• Required work: There is a line containing "Сурские гренки Томат" in the records below. Repeat it and every line after it, exactly, through the final line, but no pictures.

[Captioned web images]
========================================================================
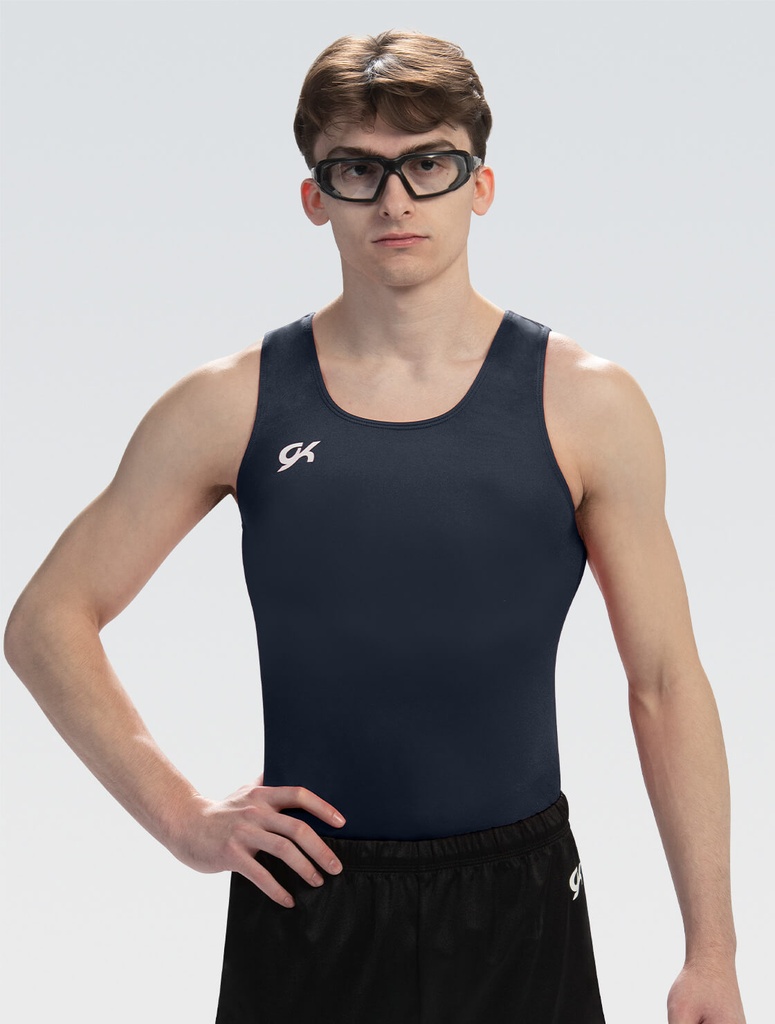 GK Singlet Men  stock modelGK 1975 Basic Competition   navy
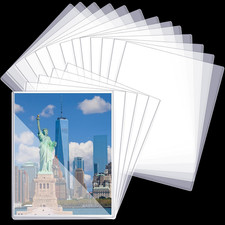 25 Pack 8.5 x 11 Rigid Plastic Sheet Protectors Clear Top Load Document Holders
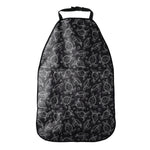 Black And White Sea Turtle Pattern Print Car Seat Organizers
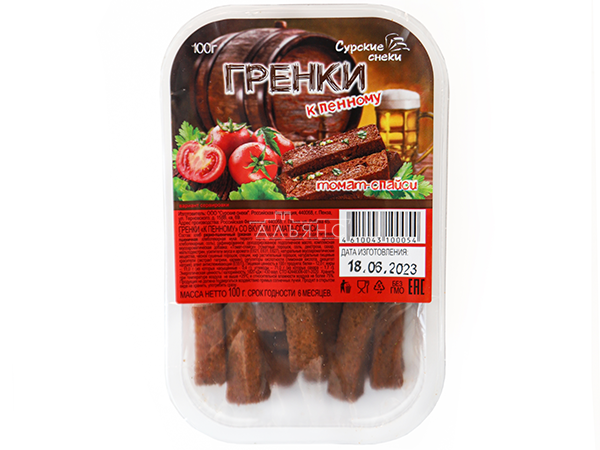 Сурские гренки Томат спайси (100 гр) в Кызыле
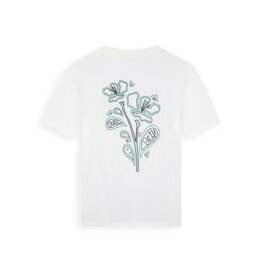 Pure Path Embroidered Flower T-shirt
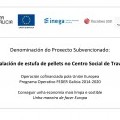 El Ayuntamiento instalar un sistema de calefaccin de estufa de pellets en el Centro Social de Traveso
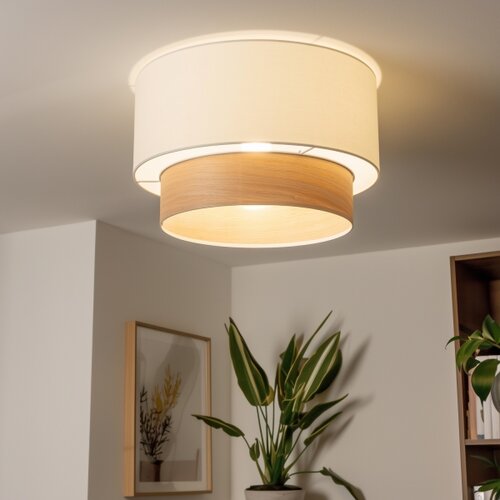  univerzalni abažur keria prečnika 50 cm, bela/braon Slike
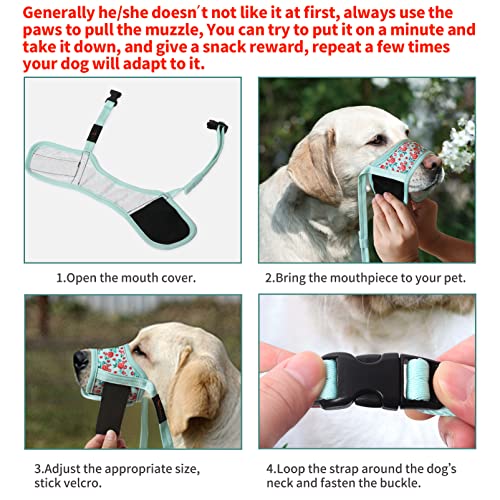 image for HEELE Dog Muzzle,Soft Nylon Muzzle Anti Biting Barking Chewing,Air Mes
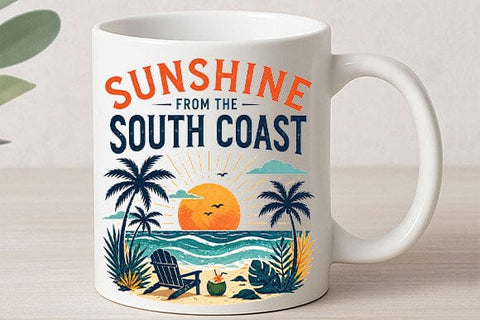 Beach Vacation PNG South Coast Coastal Lifestyle Digital Download SVG BillahCrafts 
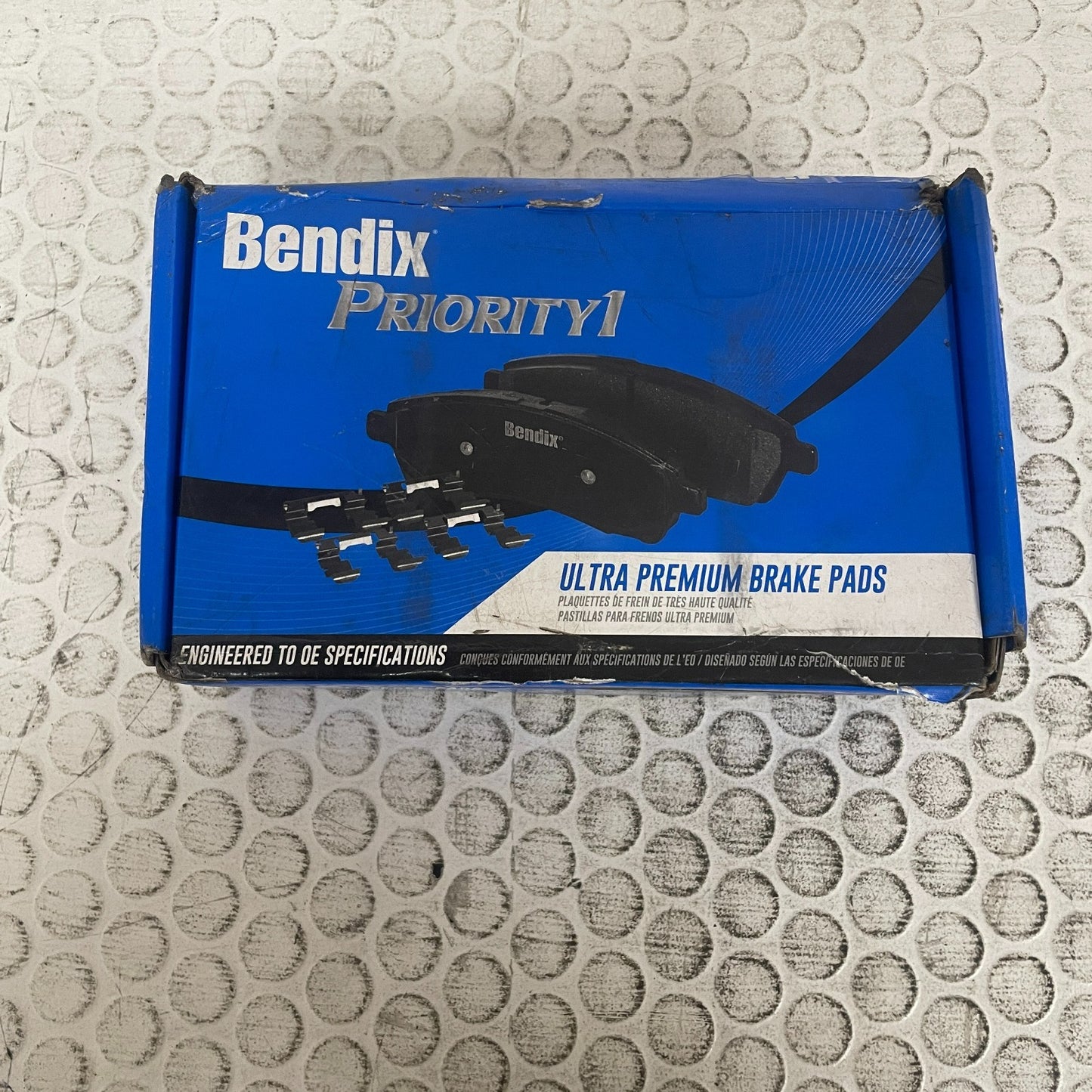 Bendix Priority 1 CFC2400 Ceramic Front Brake Pads 2021-2024 Hyundai Elantra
========================================================================
• Written response:
 Сурские гренки Томат спайси (100 гр) в Кызыле
 Pure Path Embroidered Flower T-shirt
 El Ayuntamiento instalar un sistema de calefaccin de estufa de pellets en el Centro Social de Traveso
  univerzalni abažur keria prečnika 50 cm, bela/braon Slike
 image for HEELE Dog Muzzle,Soft Nylon Muzzle Anti Biting Barking Chewing,Air Mes
 Beach Vacation PNG South Coast Coastal Lifestyle Digital Download SVG BillahCrafts 
 Bendix Priority 1 CFC2400 Ceramic Front Brake Pads 2021-2024 Hyundai Elantra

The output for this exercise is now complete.